Zn(II), a non-inducer in vivo and poor regulator in vitro, binds NmtR with high affinity
and forms a non-native 4-coordinate complex. These studies suggest that metal
coordination geometries (number), not metal binding affinities, are primary determinants
of functionality.
To gain molecular insight into the mechanism of allosteric regulation of O/P
binding by metal ions, NMR and X-ray crystallographic studies of apo- and zinc forms
of CzrA, and another ArsR/SmtB zinc sensor, Synechococcus PCC7942 SmtB, were
performed. These studies showed that formation of the metal chelate drives a quaternary
structural switch mediated by an intersubunit hydrogen-binding network that originates
with the nonliganding Nε2 face of His97 in CzrA (His117 in SmtB) that stabilizes a low
affinity DNA-binding conformation.
Mutagenesis experiments reveal that substitution of D84 and H97 in CzrA,
results in the formation of higher coordination number complexes that are nonfunctional
in driving zinc-mediated allosteric regulation of DNA binding.
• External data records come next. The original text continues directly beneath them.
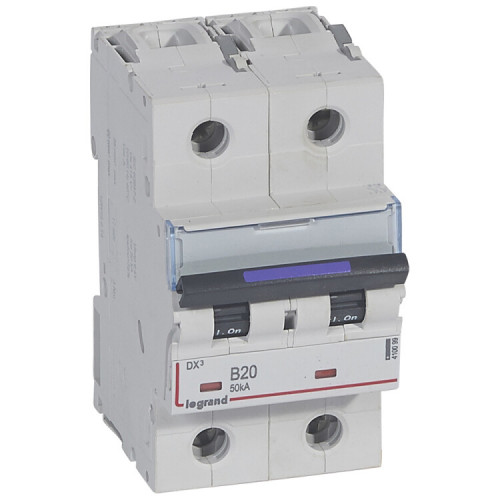 Выключатель автоматический двухполюсный DX3 20А B 50кА (3 мод) | 410099 | Legrand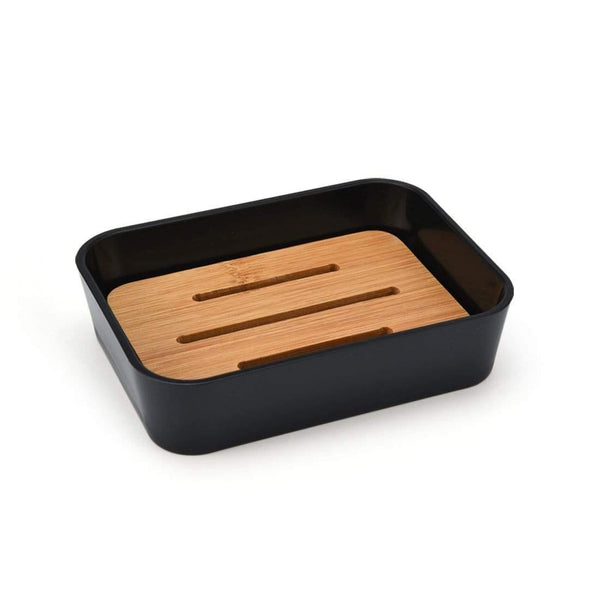 Planet Gates Set Of 6 Smartloc Plastic Bathroom Accessories Set Toothbrush Holder Toothpaste Dispenser Case Soap Box Shower Storage Black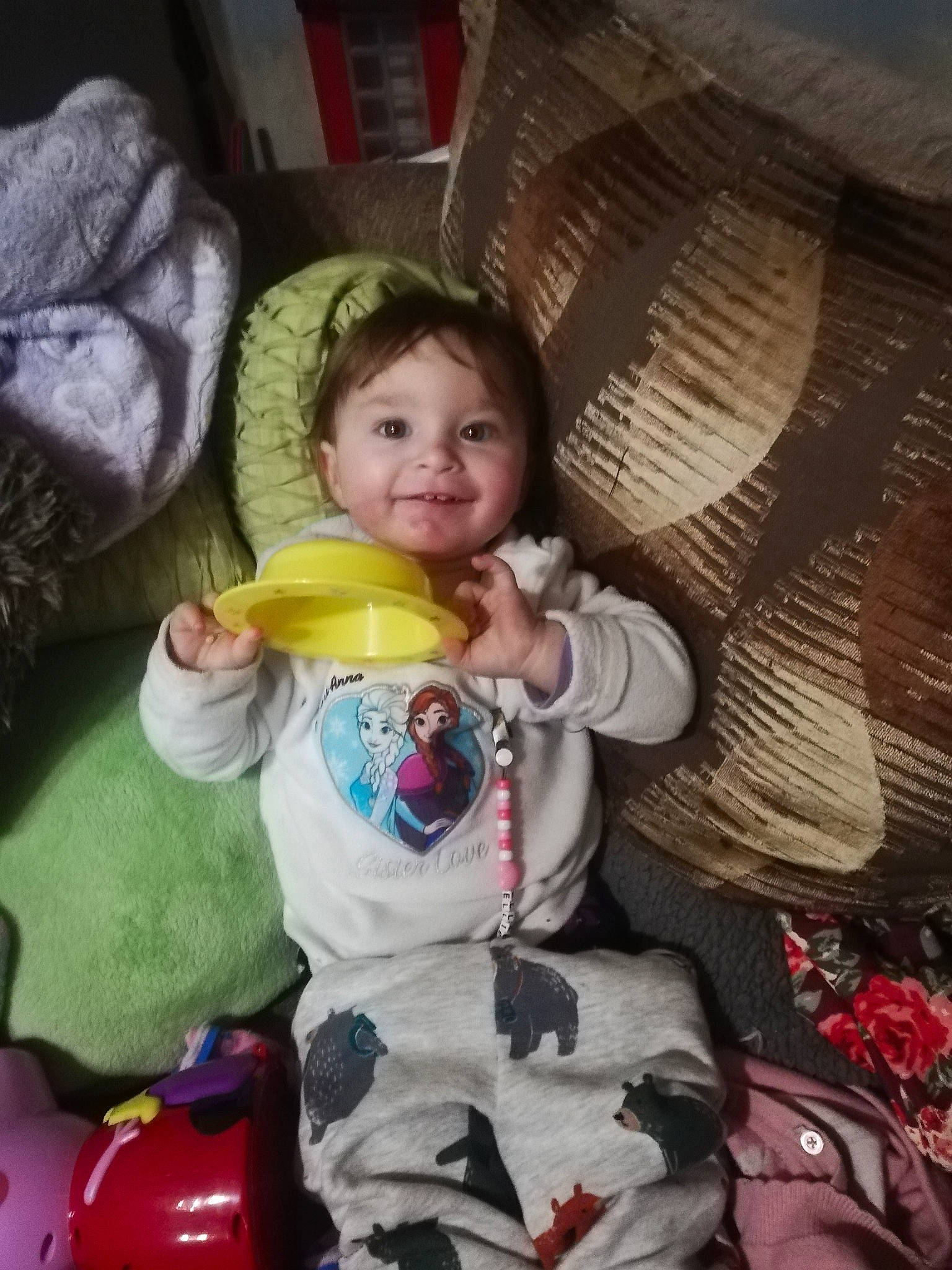 Ellie Rose joined the competition — help win amazing prizes! baby, baby_carriage, baby_products, baby_toddler_clothing, cheek, child, comfort, facial_expression, fun, happy, joy, lap, linens, person, room, sitting, skin, smile, textile, toddler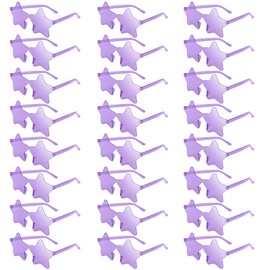 NACHLYNN Rimless Star Shaped Sunglasses Pentagram Glasses Transparent Sunglasses Valentine Day Party Favor (24, Purple)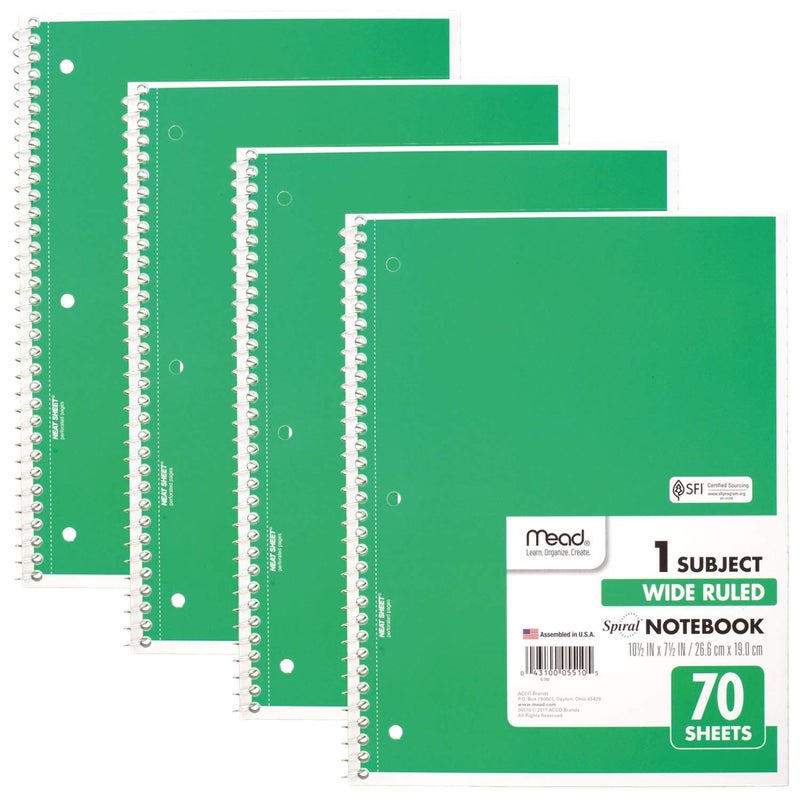 Mead Spiral Notebooks, 1 Subject, Wide Ruled Paper, 70 Sheets, 10-1/2 x 7-1/2 inches, Green, 4 Pack (38300) - Image 1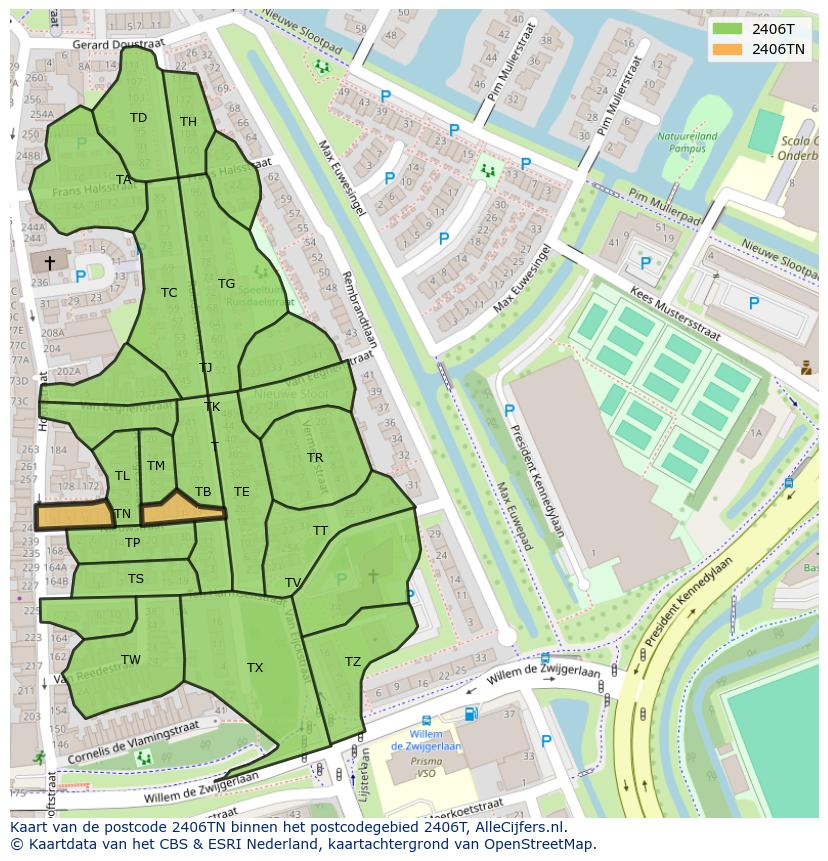 Afbeelding van het postcodegebied 2406 TN op de kaart.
In contrast, conservative
mutations of H86 and H100 in CzrA bind Co(II) or Zn(II) in a tetrahedral manner, albeit
with greatly reduced affinity, and allosterically regulate O/P binding with significant
lower coupling free energies compared to wild-type CzrA. These findings further
reinforce the notion that metal coordination geometry is the primary determinant for
functional sites in metal-sensing transcriptional repressors.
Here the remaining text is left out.